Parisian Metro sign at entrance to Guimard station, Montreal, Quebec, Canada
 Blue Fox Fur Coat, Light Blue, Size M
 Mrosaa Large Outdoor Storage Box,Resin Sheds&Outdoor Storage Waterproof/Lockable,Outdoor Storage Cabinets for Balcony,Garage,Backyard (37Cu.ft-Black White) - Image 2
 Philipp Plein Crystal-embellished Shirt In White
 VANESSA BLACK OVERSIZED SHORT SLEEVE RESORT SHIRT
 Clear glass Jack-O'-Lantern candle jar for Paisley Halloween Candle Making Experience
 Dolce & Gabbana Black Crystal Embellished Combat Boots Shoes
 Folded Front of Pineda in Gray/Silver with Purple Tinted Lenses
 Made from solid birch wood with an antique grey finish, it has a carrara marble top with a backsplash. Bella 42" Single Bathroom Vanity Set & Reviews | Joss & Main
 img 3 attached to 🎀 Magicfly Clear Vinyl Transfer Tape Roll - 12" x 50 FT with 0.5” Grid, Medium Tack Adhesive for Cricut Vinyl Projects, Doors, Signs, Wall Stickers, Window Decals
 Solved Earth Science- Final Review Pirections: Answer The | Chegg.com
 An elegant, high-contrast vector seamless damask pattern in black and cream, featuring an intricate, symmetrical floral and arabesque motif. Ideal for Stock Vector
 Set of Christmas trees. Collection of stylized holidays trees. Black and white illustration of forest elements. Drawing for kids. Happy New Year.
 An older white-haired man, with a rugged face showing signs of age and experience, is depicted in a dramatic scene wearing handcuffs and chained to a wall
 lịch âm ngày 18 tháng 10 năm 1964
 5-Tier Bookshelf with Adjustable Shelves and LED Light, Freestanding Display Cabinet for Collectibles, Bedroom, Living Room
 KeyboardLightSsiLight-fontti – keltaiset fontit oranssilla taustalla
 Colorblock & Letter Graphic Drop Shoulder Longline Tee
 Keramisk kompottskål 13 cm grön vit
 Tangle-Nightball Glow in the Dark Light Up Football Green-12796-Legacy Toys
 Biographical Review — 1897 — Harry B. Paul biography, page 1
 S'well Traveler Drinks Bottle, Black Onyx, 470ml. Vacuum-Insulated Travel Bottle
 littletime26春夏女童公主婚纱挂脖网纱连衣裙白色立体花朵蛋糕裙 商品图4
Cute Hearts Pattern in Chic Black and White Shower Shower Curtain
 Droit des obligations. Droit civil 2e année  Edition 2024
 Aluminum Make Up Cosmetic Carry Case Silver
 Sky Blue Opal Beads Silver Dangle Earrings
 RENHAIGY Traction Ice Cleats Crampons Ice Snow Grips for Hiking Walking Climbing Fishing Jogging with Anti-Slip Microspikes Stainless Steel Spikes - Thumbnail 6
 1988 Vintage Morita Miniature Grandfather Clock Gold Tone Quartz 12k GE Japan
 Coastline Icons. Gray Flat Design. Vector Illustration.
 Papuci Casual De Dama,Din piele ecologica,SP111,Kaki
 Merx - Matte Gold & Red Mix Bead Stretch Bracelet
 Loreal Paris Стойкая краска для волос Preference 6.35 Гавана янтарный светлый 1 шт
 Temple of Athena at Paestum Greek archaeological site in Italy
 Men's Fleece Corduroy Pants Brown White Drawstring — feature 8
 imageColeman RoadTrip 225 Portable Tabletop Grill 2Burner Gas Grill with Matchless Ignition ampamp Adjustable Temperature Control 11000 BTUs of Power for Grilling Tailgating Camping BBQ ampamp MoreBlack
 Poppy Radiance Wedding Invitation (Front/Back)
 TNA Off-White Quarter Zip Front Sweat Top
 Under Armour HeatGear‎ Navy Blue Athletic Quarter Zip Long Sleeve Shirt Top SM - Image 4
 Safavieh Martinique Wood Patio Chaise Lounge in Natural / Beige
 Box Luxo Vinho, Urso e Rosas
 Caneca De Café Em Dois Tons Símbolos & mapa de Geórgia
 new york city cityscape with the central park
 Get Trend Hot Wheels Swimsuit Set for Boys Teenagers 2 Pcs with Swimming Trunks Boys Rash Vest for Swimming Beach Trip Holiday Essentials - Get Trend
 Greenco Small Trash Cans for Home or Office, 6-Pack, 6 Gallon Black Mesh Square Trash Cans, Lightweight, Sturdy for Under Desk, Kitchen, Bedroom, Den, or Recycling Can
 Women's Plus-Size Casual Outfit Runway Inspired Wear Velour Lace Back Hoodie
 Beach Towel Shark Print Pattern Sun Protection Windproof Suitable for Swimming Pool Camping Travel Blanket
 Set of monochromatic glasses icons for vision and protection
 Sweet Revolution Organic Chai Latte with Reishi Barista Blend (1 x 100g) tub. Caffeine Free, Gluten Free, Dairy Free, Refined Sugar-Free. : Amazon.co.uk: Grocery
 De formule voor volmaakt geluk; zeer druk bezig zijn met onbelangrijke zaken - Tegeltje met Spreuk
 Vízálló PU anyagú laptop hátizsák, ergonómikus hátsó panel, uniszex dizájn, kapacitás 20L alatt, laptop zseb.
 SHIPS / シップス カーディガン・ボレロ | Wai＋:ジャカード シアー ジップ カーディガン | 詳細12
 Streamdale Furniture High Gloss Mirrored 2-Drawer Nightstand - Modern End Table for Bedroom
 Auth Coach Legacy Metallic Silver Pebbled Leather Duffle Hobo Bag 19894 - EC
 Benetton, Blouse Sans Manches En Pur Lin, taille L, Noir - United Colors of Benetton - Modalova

⁂

Scanning the data above, copy out every line where "Travel" is found.

__Response__:
 S'well Traveler Drinks Bottle, Black Onyx, 470ml. Vacuum-Insulated Travel Bottle
 Beach Towel Shark Print Pattern Sun Protection Windproof Suitable for Swimming Pool Camping Travel Blanket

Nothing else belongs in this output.